To summarize, we have performed a statistical study that quantifies with a clear universal metric the robustness to disorder of two different types of waveguiding systems based on time-reversal invariant metamaterial topological insulators, namely systems based on six-fold crystalline symmetry and valley conservation. The obtained results have demonstrated the importance of quantitative metrics for the study and discussion of topological protection and related properties, and highlighted the good performance of the zigzag interface of VH metamaterial insulators when compared to the existing literature.
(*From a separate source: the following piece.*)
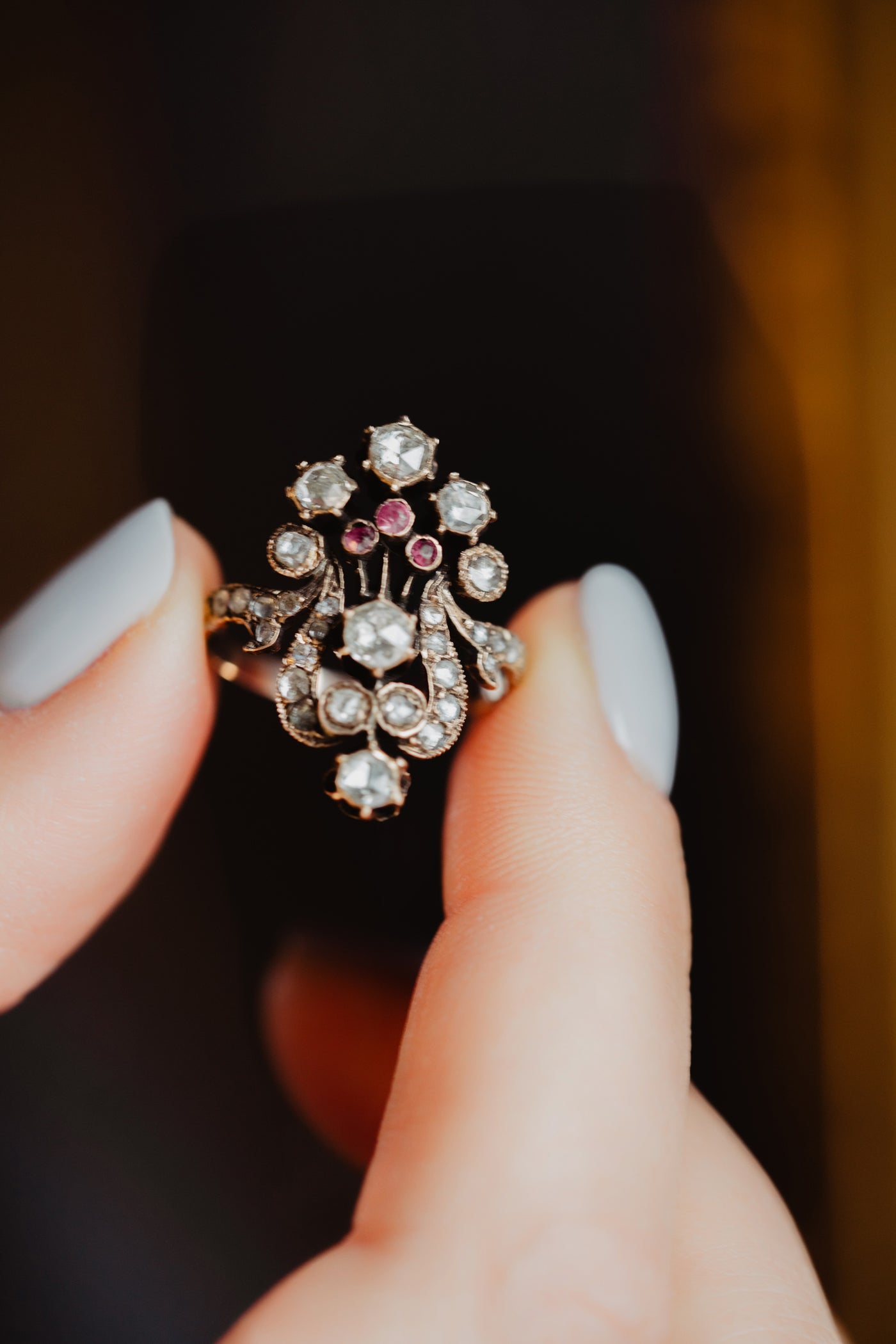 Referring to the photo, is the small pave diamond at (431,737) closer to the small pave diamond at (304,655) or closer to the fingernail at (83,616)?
the small pave diamond at (304,655)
We want to stress here that the study focused on locally resonant periodic metamaterials that are based on periodic arrangements of subwavelength resonators, interacting via multiple scattering, and Fano interferences [41]. A possible extension of this work is to consider whether our conclusions still hold in the case of non-resonant photonic crystals which are based on different physics, namely Bragg interferences. We believe that such systematic quantitative robustness study is an indispensable tool for the practical realization of disruptive subwavelength-guiding systems that are robust to fabrication tolerances and external factors, not only at microwaves, but also for plasmonics or in the area of dielectric-based nanophotonics.